** Exercise details **
In the material below, which lines hold the word "Painting"? Pick each one out.

** Recorded data **
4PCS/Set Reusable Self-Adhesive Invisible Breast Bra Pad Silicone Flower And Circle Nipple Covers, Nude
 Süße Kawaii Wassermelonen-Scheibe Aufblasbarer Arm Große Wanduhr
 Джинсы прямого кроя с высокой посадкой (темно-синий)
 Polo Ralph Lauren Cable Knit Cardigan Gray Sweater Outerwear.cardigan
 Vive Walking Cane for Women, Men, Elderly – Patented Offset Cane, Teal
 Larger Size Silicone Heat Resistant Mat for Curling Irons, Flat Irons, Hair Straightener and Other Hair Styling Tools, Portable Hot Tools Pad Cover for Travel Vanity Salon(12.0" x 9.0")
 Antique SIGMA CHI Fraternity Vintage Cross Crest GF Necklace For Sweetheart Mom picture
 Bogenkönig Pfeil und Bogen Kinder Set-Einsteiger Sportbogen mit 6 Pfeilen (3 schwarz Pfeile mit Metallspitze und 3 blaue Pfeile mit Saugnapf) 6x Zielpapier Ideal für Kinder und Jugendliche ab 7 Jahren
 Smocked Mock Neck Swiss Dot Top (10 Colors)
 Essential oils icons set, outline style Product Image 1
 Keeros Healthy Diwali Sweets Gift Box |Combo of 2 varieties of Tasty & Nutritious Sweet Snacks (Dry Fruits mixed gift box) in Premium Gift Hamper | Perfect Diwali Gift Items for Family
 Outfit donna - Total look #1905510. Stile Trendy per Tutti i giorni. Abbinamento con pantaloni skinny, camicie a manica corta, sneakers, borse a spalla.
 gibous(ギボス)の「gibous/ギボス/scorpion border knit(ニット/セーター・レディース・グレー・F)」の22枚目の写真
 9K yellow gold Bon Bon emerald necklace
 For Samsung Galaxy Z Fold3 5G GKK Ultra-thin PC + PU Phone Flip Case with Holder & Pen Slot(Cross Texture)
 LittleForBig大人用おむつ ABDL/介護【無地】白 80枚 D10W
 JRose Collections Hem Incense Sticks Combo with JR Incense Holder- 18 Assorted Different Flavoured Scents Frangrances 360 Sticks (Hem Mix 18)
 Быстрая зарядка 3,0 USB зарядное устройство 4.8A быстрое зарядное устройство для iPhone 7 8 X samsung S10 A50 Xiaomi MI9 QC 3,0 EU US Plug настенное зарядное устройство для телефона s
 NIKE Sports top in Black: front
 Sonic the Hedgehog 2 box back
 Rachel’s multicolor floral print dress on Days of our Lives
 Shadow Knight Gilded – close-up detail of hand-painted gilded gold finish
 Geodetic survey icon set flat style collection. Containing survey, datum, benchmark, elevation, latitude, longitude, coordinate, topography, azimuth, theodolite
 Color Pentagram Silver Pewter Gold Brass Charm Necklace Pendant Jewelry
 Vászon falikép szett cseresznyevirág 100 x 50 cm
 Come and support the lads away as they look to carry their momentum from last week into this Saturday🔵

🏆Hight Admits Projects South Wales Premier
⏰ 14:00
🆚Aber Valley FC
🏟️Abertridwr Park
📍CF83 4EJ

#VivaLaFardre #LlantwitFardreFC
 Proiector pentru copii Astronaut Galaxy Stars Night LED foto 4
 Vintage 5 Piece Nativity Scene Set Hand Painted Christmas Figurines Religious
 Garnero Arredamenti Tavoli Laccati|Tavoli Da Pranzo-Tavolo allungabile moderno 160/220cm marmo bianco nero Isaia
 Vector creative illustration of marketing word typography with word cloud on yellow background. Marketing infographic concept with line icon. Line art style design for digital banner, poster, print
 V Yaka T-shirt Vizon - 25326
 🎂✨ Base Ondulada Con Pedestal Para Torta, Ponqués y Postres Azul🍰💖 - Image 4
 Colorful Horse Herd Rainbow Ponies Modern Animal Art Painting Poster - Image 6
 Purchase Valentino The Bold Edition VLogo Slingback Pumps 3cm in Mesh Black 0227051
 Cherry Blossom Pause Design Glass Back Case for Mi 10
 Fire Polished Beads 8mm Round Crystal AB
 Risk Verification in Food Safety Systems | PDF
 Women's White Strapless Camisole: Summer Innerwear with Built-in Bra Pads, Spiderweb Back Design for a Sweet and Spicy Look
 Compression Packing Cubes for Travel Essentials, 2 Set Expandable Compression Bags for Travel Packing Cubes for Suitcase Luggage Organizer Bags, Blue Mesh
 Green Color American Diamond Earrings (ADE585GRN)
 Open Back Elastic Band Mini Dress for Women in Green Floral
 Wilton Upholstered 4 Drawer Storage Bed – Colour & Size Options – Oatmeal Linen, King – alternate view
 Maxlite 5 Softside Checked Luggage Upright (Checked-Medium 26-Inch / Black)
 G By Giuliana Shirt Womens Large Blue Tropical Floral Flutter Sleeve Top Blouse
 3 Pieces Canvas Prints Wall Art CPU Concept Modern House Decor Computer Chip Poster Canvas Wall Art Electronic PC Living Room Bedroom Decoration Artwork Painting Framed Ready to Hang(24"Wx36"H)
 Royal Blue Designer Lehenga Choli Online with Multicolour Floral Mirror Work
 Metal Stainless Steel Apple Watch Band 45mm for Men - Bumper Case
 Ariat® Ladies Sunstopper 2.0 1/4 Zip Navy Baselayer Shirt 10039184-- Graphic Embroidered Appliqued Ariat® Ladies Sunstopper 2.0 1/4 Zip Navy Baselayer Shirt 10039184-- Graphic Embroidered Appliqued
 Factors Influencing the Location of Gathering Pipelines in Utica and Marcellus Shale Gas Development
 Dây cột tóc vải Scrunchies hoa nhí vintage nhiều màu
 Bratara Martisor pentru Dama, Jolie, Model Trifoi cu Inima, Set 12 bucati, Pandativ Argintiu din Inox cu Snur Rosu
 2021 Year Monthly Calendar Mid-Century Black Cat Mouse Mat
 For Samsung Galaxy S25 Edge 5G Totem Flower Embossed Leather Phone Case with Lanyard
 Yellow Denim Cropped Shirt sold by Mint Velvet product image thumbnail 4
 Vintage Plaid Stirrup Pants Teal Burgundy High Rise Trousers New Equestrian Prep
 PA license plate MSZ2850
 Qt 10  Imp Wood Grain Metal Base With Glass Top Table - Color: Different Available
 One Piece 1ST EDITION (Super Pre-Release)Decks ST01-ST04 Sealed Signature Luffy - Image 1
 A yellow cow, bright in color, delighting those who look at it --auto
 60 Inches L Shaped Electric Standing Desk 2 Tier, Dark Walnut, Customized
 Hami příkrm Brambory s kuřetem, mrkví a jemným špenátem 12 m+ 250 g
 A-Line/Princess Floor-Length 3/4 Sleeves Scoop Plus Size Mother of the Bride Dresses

** Your solution **
 Colorful Horse Herd Rainbow Ponies Modern Animal Art Painting Poster - Image 6
 3 Pieces Canvas Prints Wall Art CPU Concept Modern House Decor Computer Chip Poster Canvas Wall Art Electronic PC Living Room Bedroom Decoration Artwork Painting Framed Ready to Hang(24"Wx36"H)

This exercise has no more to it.